Part of the codes are showing below

img = im2double( imread([ImageDir 'cat.jpg']) ); 
[ny,nx,nc] = size(img); 
d = reshape( img, ny*nx, nc );  
k = 2; % number of clusters 
[l0 c] = kmeans( d, k ); 
l0 = reshape( l0, ny, nx ); 

% For each class, the data term Dc measures the distance of 
% each pixel value to the class prototype. For simplicity, standard 
% Euclidean distance is used. Mahalanobis distance (weighted by class 
% covariances) might improve the results in some cases.  Note that the 
% image intensity values are in the [0,1] interval, which provides 
% normalization.   

Dc = zeros( ny, nx, k ); 
for i = 1:k 
  dif = d - repmat( c(i,:), ny*nx,1 ); 
  Dc(:,:,i) = reshape( sum(dif.^2,2), ny, nx ); 
end 

It seems that the method used k-means clustering to initialise the graph and get the data term Dc. However, I don't understand how they calculate this data term.
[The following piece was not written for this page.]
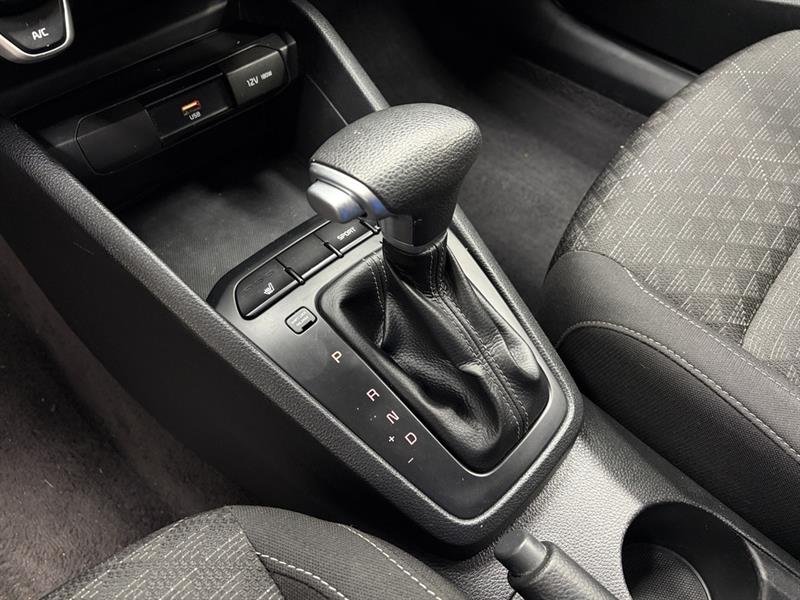 kia Rio 5-door 2021 - 25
Why they use

dif = d - repmat( c(i,:), ny*nx,1 ); 

In the comments thy said the data term Dc measures the distance of each pixel value to the class prototype. What is the class prototype, and why it can be determined by k-means label?

In another implementation Graph_Cut_Demo2, it used

% calculate the data cost per cluster center
Dc = zeros([sz(1:2) k],'single');
for ci=1:k
    % use covariance matrix per cluster
    icv = inv(cov(d(l0==ci,:)));    
    dif = d- repmat(c(ci,:), [size(d,1) 1]);
    % data cost is minus log likelihood of the pixel to belong to each
    % cluster according to its RGB value
    Dc(:,:,ci) = reshape(sum((dif*icv).*dif./2,2),sz(1:2));
end

This confused me a lot. Why they calculate the covariance matrix and how they formed the data term using minus log likelihood? Any papers or descriptions available for these implementation?

Thanks a lot.

回答1:

Both graph-cut segmentation examples are strongly related. The authors of Image Processing, Analysis, and Machine Vision: A MATLAB Companion book (first example) used the graph cut wrapper code of Shai Bagon (with the author's permission naturally) - the second example.

So, what is the data term anyway?
The data term represent how each pixel independently is likely to belong to each label. This is why log-likelihood terms are used.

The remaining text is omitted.